Saturday, September 23, 2023

Botswana’s corporate governance standards below international standards

Botswana is likely to slouch into a failed state status as most of its parastatals are failing to meet the accepted international standards of corporate governance.

This insight was shared by the Botswana Accountancy Oversight Authority (BAOA) with Sunday Standard.

“Under the Corporate Governance review, only 14 (16 percent) of the 86 ( PIEs) Public Interest Entities reviewed between 2018 and 2022 complied with the Corporate Governance requirement of either King III or King IV, while 72 ( 84 percent ) entities did not comply with the corporate  governance requirements,” BAOA said.

BOAA said large part of the problem could be attributed to the ineptness at the Government Enclave for failure to come up with Acts that would address problems that the country is facing.

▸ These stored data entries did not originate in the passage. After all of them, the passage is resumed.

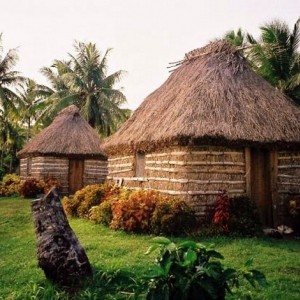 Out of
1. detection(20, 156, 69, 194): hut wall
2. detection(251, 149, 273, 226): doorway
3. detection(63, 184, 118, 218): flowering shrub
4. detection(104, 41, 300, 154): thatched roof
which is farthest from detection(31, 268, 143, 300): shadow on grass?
detection(20, 156, 69, 194): hut wall

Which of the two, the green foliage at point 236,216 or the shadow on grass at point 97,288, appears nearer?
the shadow on grass at point 97,288

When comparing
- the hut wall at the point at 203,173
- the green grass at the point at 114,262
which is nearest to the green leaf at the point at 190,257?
the green grass at the point at 114,262

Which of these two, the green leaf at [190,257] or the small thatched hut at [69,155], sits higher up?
the small thatched hut at [69,155]

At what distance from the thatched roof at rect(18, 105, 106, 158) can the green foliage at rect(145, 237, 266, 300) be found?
18.5 meters

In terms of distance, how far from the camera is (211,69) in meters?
13.7

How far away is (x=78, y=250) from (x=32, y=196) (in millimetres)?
15996

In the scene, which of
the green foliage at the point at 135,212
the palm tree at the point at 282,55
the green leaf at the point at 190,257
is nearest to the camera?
the green leaf at the point at 190,257

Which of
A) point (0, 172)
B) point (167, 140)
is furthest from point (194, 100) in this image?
point (0, 172)

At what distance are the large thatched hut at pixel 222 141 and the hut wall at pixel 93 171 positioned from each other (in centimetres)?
958

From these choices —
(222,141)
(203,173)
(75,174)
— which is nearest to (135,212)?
(203,173)

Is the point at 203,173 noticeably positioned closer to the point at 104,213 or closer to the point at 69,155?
the point at 104,213

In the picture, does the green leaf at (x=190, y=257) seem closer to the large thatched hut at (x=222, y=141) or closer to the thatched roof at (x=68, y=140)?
the large thatched hut at (x=222, y=141)

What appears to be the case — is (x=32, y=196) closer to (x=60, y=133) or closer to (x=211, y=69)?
(x=60, y=133)

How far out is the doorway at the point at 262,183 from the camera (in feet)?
39.3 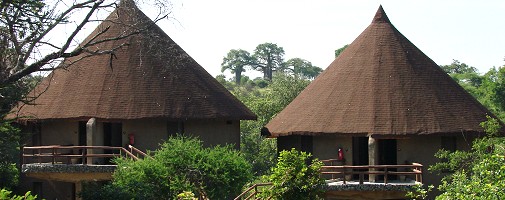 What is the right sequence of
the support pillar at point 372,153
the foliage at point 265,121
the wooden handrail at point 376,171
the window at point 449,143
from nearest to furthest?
the wooden handrail at point 376,171, the support pillar at point 372,153, the window at point 449,143, the foliage at point 265,121

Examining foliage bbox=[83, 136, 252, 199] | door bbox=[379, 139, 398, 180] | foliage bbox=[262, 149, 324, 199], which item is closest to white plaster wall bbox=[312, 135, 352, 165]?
door bbox=[379, 139, 398, 180]

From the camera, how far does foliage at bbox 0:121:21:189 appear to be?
99.5 feet

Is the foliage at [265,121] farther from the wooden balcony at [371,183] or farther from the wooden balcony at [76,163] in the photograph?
the wooden balcony at [371,183]

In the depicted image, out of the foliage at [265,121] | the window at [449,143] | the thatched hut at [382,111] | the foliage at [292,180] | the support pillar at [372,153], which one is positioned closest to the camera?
the foliage at [292,180]

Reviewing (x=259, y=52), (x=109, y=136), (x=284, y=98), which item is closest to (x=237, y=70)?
(x=259, y=52)

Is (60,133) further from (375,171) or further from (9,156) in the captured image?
(375,171)

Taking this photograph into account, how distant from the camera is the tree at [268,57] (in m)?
118

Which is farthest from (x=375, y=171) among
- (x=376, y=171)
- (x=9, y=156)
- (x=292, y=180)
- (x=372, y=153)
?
(x=9, y=156)

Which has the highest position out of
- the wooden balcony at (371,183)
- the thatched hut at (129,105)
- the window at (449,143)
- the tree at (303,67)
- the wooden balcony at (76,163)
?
the tree at (303,67)

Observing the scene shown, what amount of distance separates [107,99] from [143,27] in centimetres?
816

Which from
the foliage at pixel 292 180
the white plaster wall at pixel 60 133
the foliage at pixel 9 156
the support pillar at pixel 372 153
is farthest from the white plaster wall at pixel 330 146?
the foliage at pixel 9 156

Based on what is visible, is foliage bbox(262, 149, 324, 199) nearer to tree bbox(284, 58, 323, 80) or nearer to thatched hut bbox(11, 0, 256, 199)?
thatched hut bbox(11, 0, 256, 199)

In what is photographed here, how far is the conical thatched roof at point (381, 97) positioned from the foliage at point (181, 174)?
166 inches

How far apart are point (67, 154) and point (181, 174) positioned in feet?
24.1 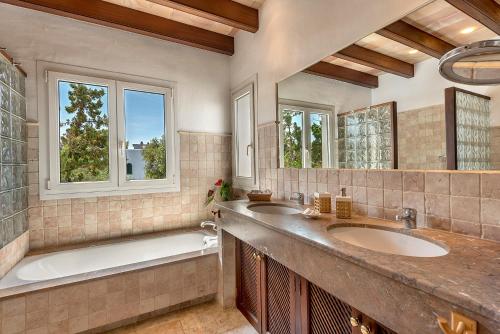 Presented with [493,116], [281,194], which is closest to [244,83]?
[281,194]

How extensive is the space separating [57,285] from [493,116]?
256 cm

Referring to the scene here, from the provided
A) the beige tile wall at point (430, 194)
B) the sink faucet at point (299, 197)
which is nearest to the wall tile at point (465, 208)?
the beige tile wall at point (430, 194)

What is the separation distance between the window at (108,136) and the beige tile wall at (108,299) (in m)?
1.00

“This is a multi-layered problem. We have the failure of the Government Enclave for failure to come up with laws that will address the problem. At the same time, the boards are not independent and, for you to be on the board, you have to be politically aligned,” one corporate governance guru said.

Botswana is battling with corporate governance issues and recently one of them that was exposed relates to the lack of Merger and Acquisitions laws, which one of the corporate laws firms lamented.

“The most unfortunate thing about Botswana is that we do not have the Mergers and Acquisitions’ Law. We operate on Rules, and Rules are not laws,’ Sipho Ziga, a senior partner at Armstrongs Attorneys said.

“What we need to do is to come up with laws which are incorporated in the Companies Act. They must be effective and enforceable in law like in South Africa,” he added.

Lack of appropriate commercial laws have made the corporate field fluid and has promoted greed over the national interests.

“Our state owned entities ( SEOs), boards are all about greed rather than the national interests,” an observer said.

BAOA made a catalogue of problems that it encountered in its assessment of the local SOEs landscape.

“The following deficiencies which were common across the corporate governance review of PIEs were noted:

“a) Limitations by the statutes; (SOES are incorporated by Act of parliament, these Acts are not  in line with the best Corporate Governance practices,” BAOA said in short.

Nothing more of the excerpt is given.